Jimmy Buffett’s Music Lives On, but What of His Beloved Manatees?

The late “Margaritaville” star co-founded the Save the Manatee Club in 1981.

A West Indian manatee surfaces for air in Tampa, Florida.Douglas R. Clifford/Tampa Bay Times/Zuma

This story was originally published by Inside Climate News and is reproduced here as part of the Climate Desk collaboration.

The second line started at four, but it was five o’clock somewhere. 

Hundreds of people gathered here on a September Sunday—their Hawaiian shirts and flip-flops brightening the city streets—to participate in a walking parade in remembrance of Jimmy Buffett, who spent much of his childhood in this Gulf Coast city. Buffett, a poet of paradise, died Sept. 1 at age 76. 

Though he may be more commonly associated with Florida, the late musician and environmental philanthropist was born in Pascagoula, Mississippi, and was raised in Mobile. In addition to his musical legacy, Buffett was a champion for environmental causes, co-founding the Save the Manatee Club with then Florida Gov. Bob Graham. 

Like Buffett, the West Indian manatees the musician worked to protect are more commonly associated with Florida, but the threatened species also calls Alabama home. 

Increasingly, however, scientists are concerned that factors including climate change are complicating life for the large marine mammals, changing their migratory behavior in ways that may be causing them harm. 

Micha Reed was among the Parrotheads in Mobile for the memorial march. She’d heard about Buffett’s environmental work, particularly that involving the manatees.  

Micha Reed shows off her Buffett concert poster from 1982.

Lee Hedgepeth/Inside Climate News

“I think it was a great thing,” she said of the Save the Manatee Club. Her southern twang hung thick in the late summer humidity as she spoke outside Moe’s BBQ after the second line had come to a close. 
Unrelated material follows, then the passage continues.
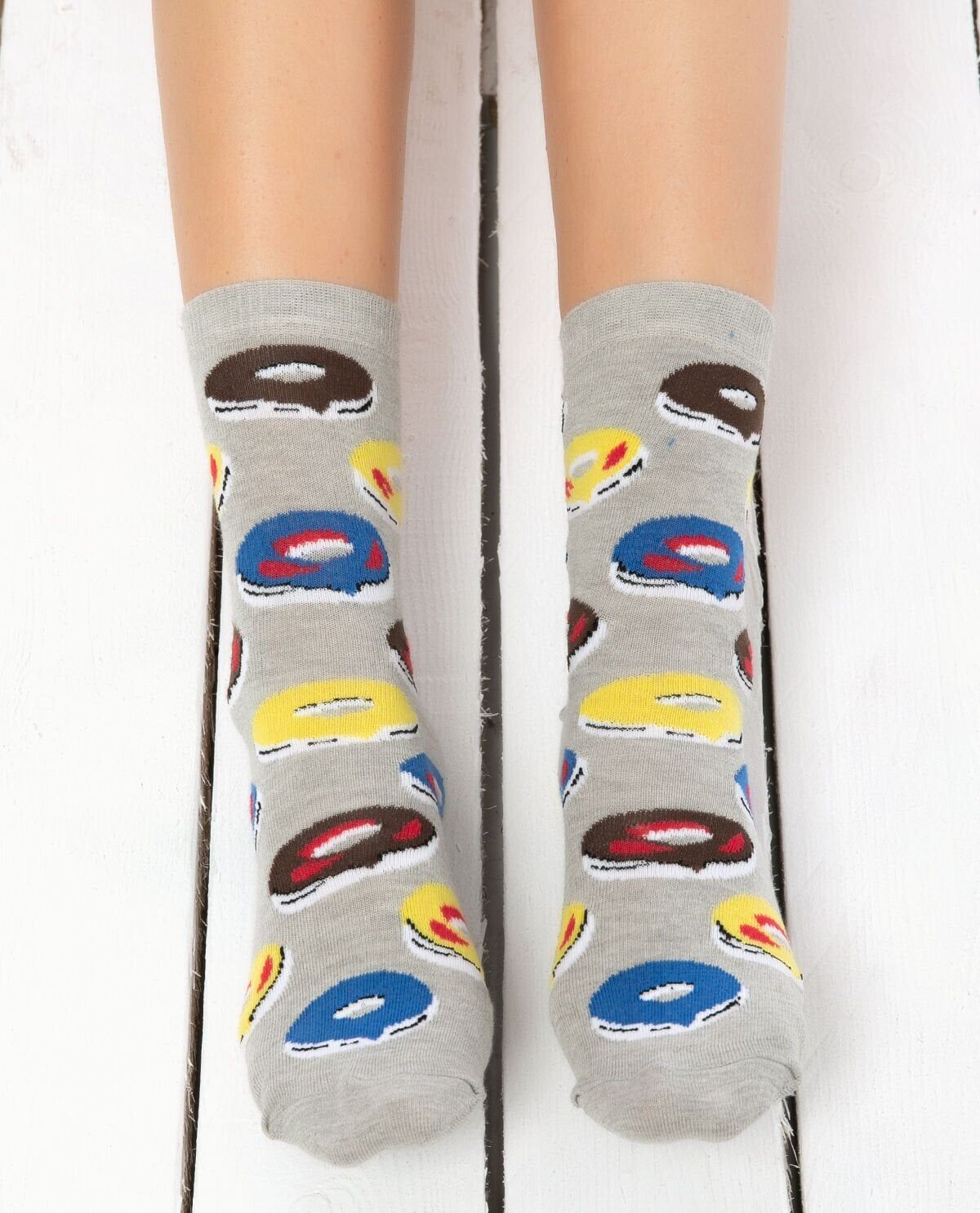 Gri Renk Donut Kurabiye Desen Soket Çorap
But discussing climate change and its political and environmental implications wasn’t something Reed or others seemed eager to do this Mobile Sunday. “Sometimes I just think we focus on the wrong things,” Reed said as the sun began to set, declining to be drawn out on the subject. 

Bama’s scars tell the story. 

Often, scars become a part of a manatee’s identity—a way for environmentalists to identify one animal from another. That’s the case for Bama, the first manatee tagged by staff with the Dauphin Island Sea Lab’s Manatee Sighting Network in Mobile Bay in 2009. 

Bama swims in Florida waters during much of the year.

Patricia Wilbur/Florida Department of Environmental Protection

“Bama’s key identifying feature is a scar on the left side of her back, near the middle of her body, which was caused by a boat propeller,” according to the Save the Manatee Club. 

Using the scars for identification purposes is making lemonade from lemons, said Elizabeth Hieb, manager of the Manatee Sighting Network, who called the healed wounds “human-caused fingerprints.”

“A lot of these manatees have interactions with boats and have scars from propellers that we can use to identify individual manatees, much like a fingerprint,” she said.

Being able to identify one manatee from another has become increasingly important as scientists like Hieb grapple with better understanding the ways in which climate change is impacting the species, both directly and indirectly.

West Indian manatees are large marine mammals, like dolphin and whales, and are native to the Gulf Coast. Typically, manatees spend their winter months in more southern areas, often in Florida, and migrate north to areas including Alabama during the summer. 

Over time, however, scientists like Hieb believe the number of manatees in the area has increased and that manatees are lingering in the area longer in the year—a change potentially caused by climate change that could have serious implications. “As far as we know, manatees can’t withstand a full winter here, so they have to migrate back to those warmer sites,” Hieb said. 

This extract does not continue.